=== Recorded data ===
::::::
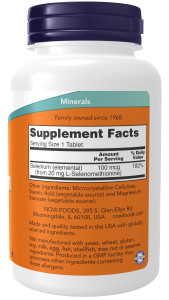 NOW Selenium 100 mcg 250табл NOW Selenium 100 mcg 250табл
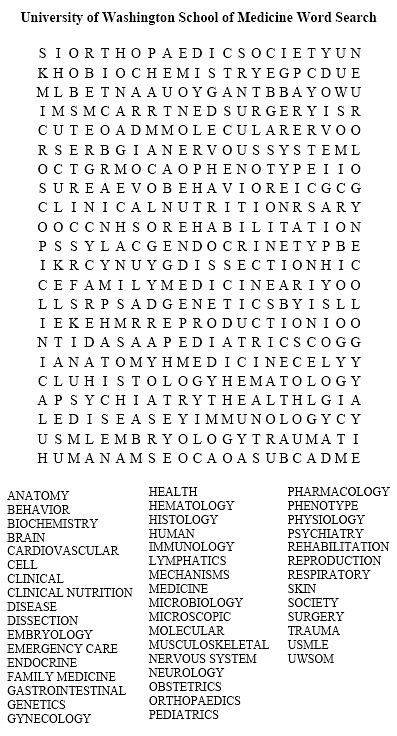 Word Search Free Printable Middle School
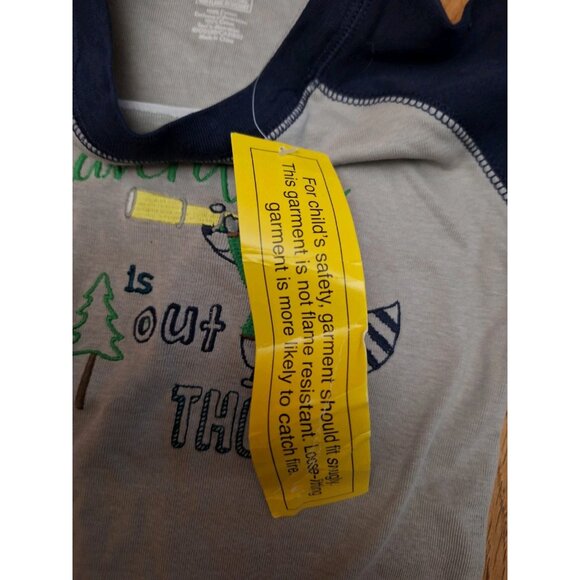 Gymboree Long Sleeve Gray Blue Adventure Cotton T-Shirt Size 7 New - Picture 5 of 9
::::::
=== What needs to be done ===
Output the whole listing exactly. Pictures stay out.

=== Completed task ===
 NOW Selenium 100 mcg 250табл NOW Selenium 100 mcg 250табл
 Word Search Free Printable Middle School
 Gymboree Long Sleeve Gray Blue Adventure Cotton T-Shirt Size 7 New - Picture 5 of 9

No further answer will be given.